How God's Wrath Starts Now

This post accompanies the sermon on Colossians 3:5-11 on 4/6/14.

In the sermon this week we talked a little bit about God's wrath and how love demands anger in certain circumstances. In particular we said:

The more you love someone they angrier you get when someone hurts them or when they hurt themselves.

But the concept of the wrath of God in the Bible goes beyond what we might normally think of as "end of life accountability" and intrudes into our present existence. The Bible teaches that people can "receive in themselves the due penalty for sin." In other words, God gives people over to experience the painful consequences of sin in order that they may learn to turn away from it.

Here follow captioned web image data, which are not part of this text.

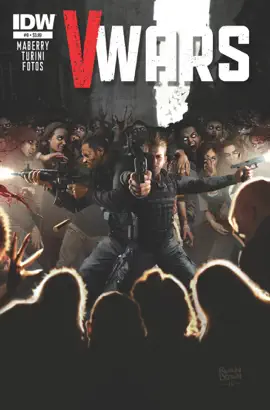 Read: V-Wars Book #8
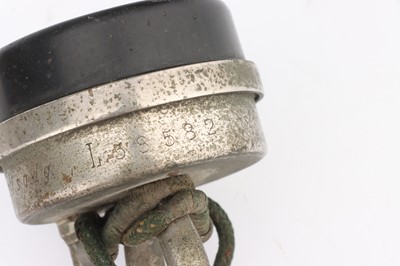 Lot 910 - A French Walnut Cased Wall Mounted Telephone Box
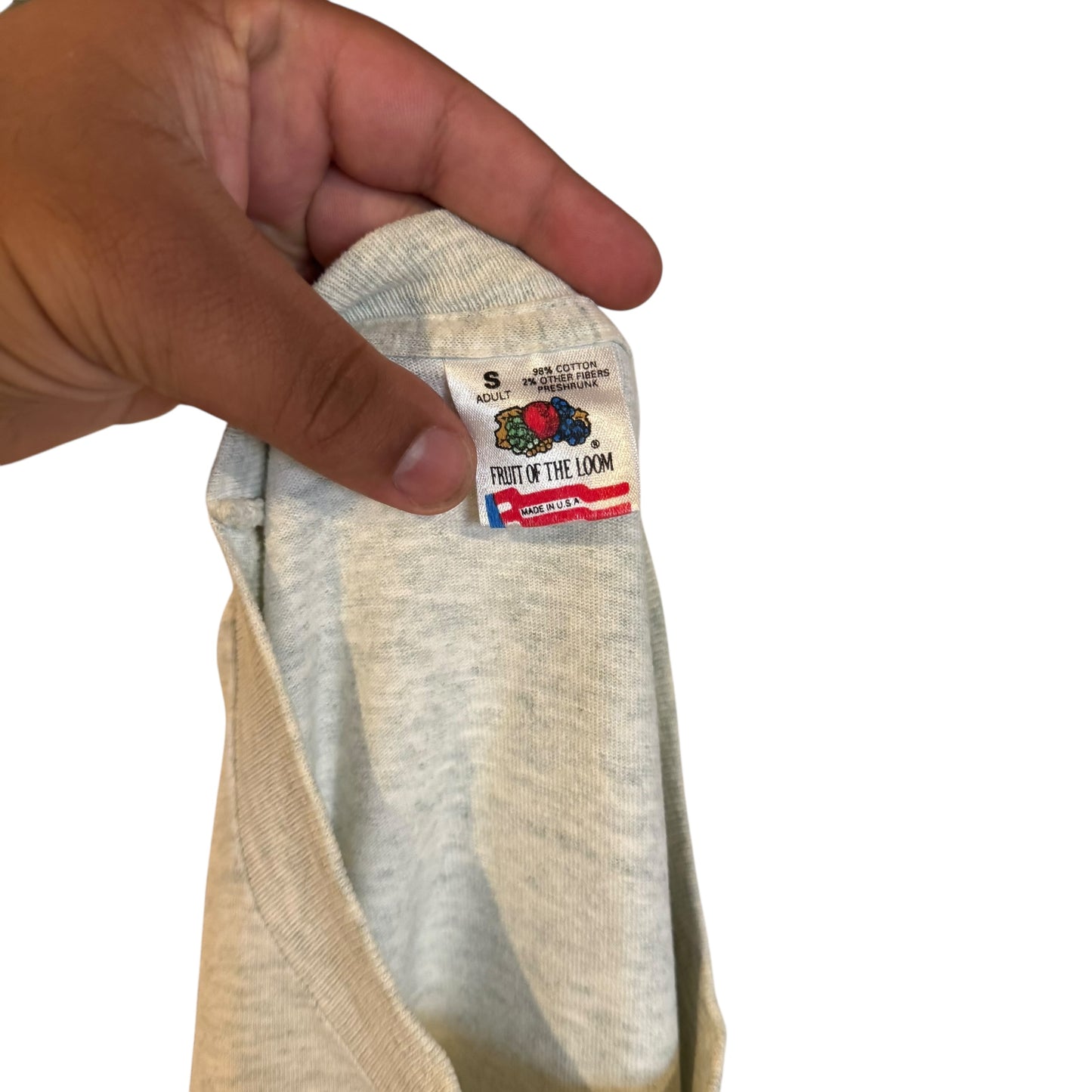 Field Of Dreams T-Shirt 90s (Small)  [REAL SHOPPER EXCLUSIVE ]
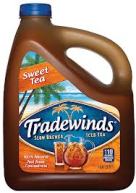 Tradewinds Iced Tea Only $1.00 at Publix Starting 5/24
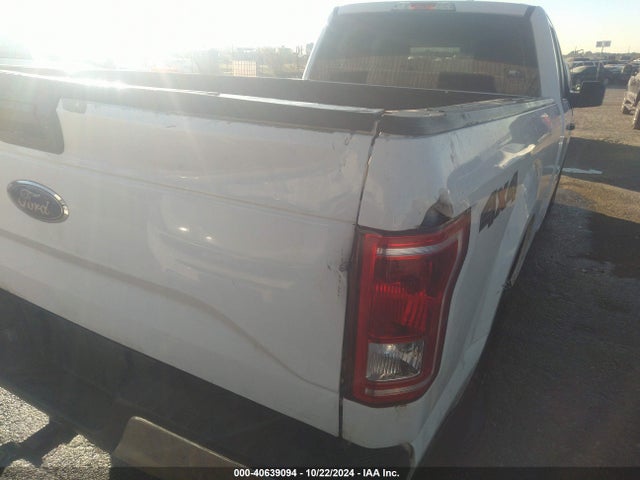 Ford F-150 Xl 2017 1FTEX1EF3HKE13826 Image 6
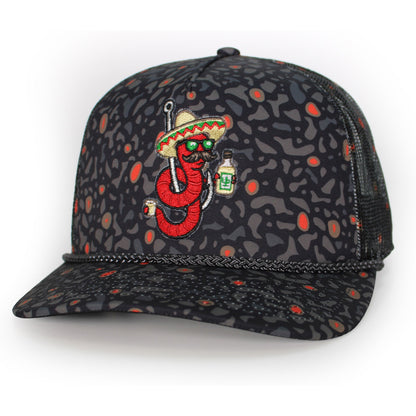 San Juan Worm 5-Panel | Base Camp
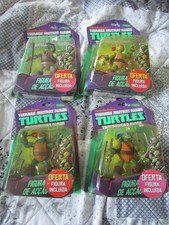 TMNT Mutant Ninja Turtles 4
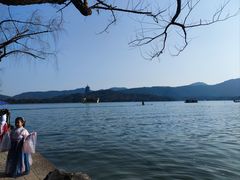 -西湖外事游船(花港观鱼码头)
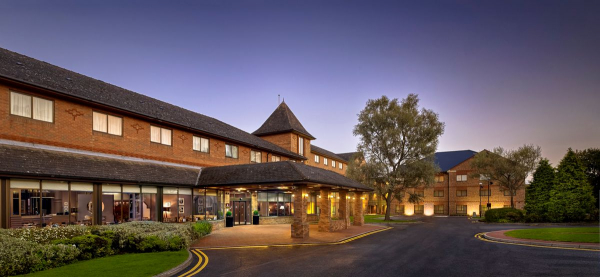 Doubletree by Hilton Sheffield Park Doubletree by Hilton Sheffield Park - Wedding Venue - Sheffield - South Yorkshire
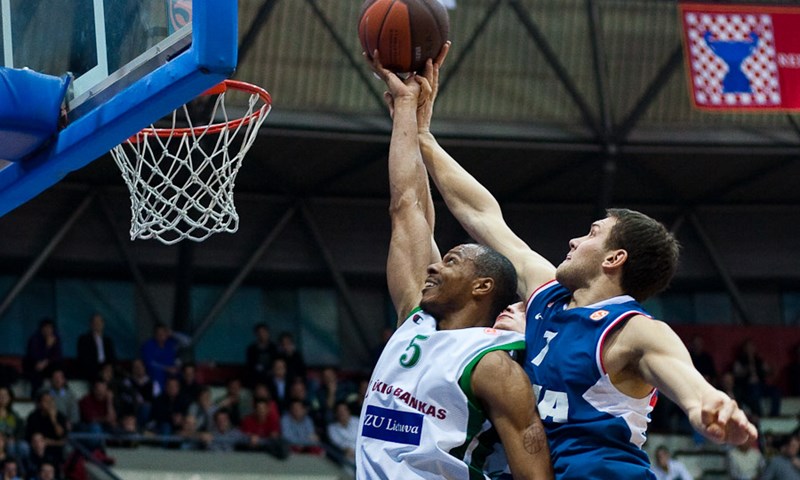 Cibona po puni plijen u Litvi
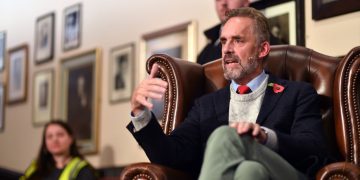 Court Enforces Orwellian Order Against Outspoken Jordan Peterson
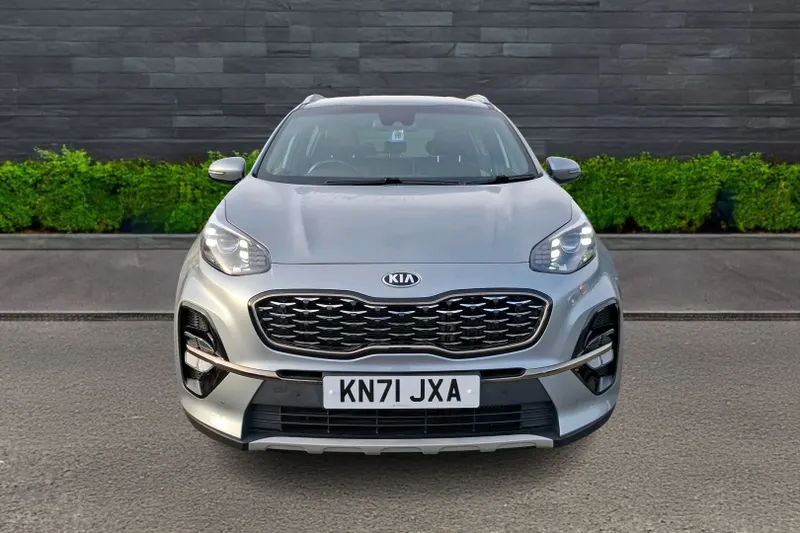 Kia Sportage Image 2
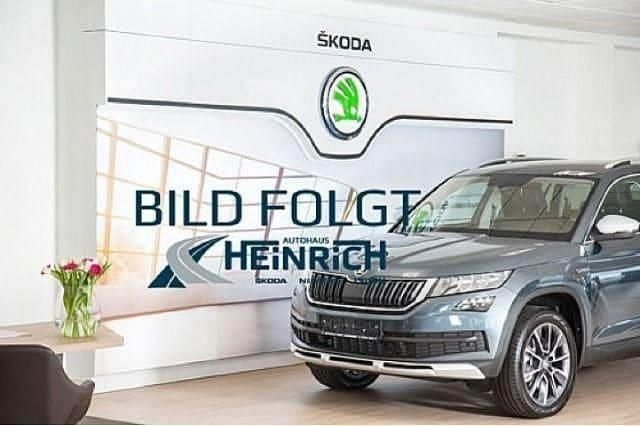 Schwarz Gebraucht 2022 Skoda Kodiaq Clever SUV | 26.890 € (Superpreis) - Bild 1/2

While it may be incredibly unpopular to say, STI's are one example of this phenomenon. They are so prevalent in our culture that we cannot imagine a world without them. However, if you pause for a moment and imagine a world in which everyone follows the biblical teaching on sexuality they would be virtually non-existent. This is not to say that STI's are God's specific punishment on people who are immoral, or that everyone who has an STI is an immoral person (of course not). But it is to say that God permits the effects of sinful behavior to be felt by people who engage in it so as to learn the foolishness of sin.

It is in this way, and others, that the wrath of God is experienced in the here-and-now in a way which is intended to help people turn from sin and turn to Christ.